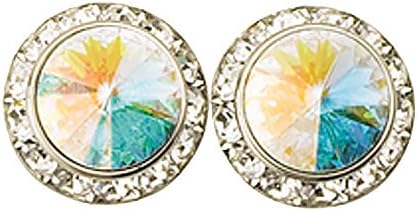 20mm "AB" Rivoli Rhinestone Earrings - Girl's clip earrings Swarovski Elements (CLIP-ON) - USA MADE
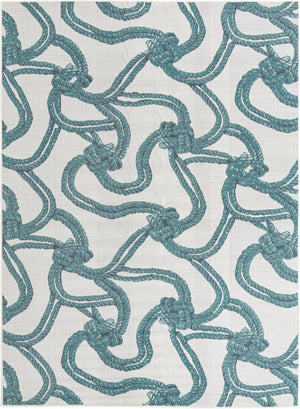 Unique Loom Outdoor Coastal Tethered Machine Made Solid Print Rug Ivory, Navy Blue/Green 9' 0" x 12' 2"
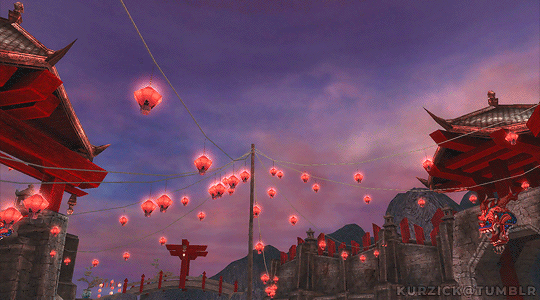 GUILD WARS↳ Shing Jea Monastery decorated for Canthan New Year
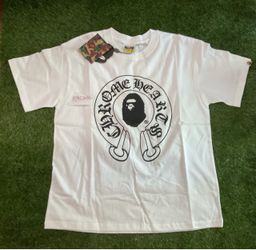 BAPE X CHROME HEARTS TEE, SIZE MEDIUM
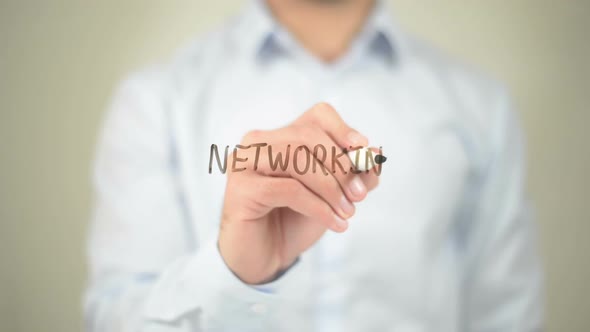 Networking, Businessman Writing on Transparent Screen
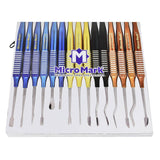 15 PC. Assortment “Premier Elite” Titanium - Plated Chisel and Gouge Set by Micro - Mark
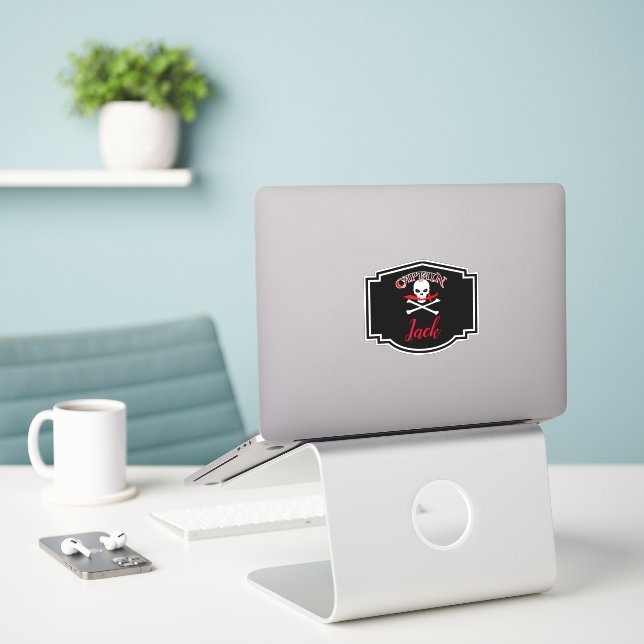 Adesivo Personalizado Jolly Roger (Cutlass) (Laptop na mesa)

--

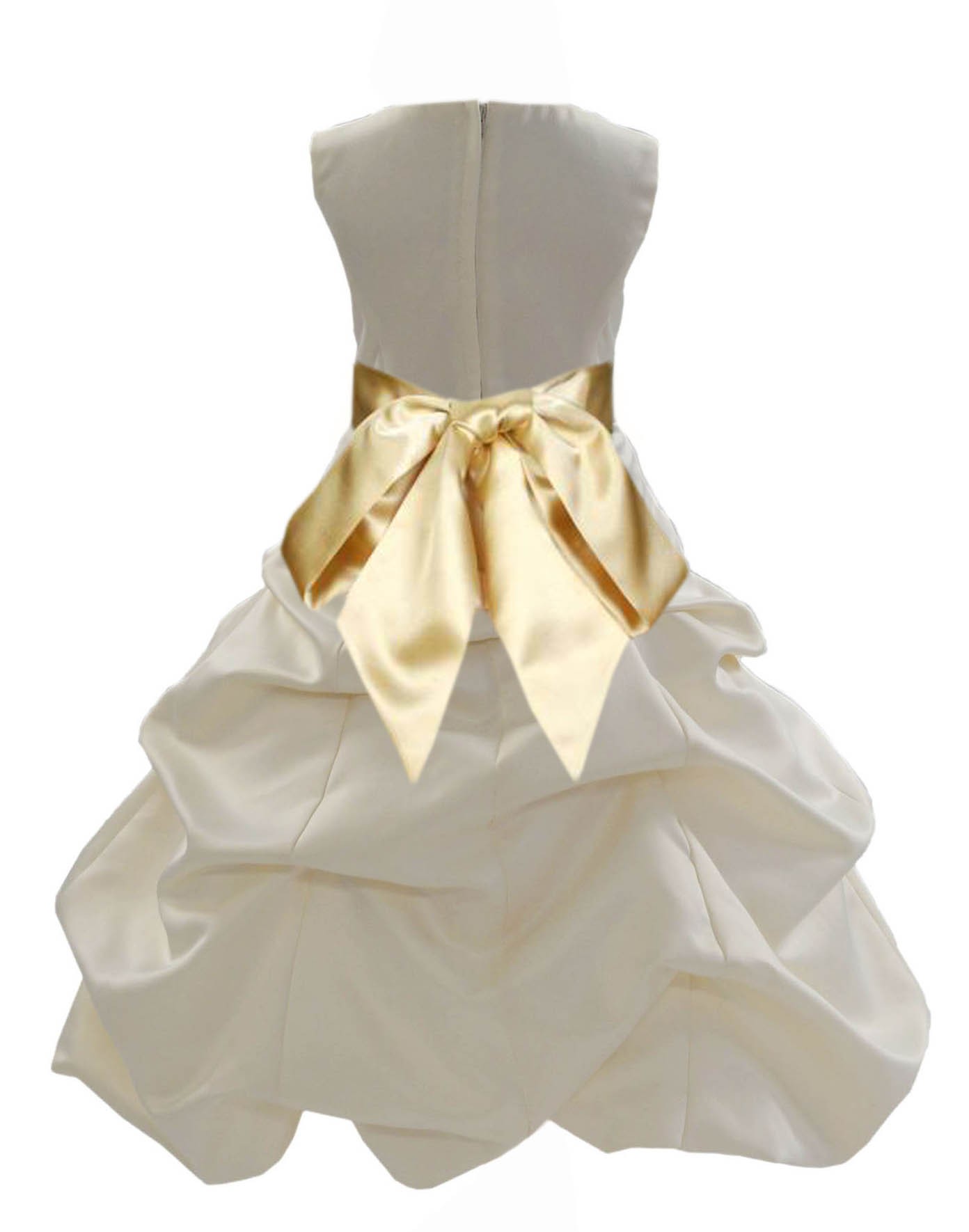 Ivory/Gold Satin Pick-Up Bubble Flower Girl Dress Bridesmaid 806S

# Task statement:
Write back the stretch of lines above that begins with the line holding "15 PC. Assortment" and ends with the line holding "Adesivo Personalizado Jolly", both included, exactly as written. Pictures stay out.

# Exercise output:
 15 PC. Assortment “Premier Elite” Titanium - Plated Chisel and Gouge Set by Micro - Mark
 Adesivo Personalizado Jolly Roger (Cutlass) (Laptop na mesa)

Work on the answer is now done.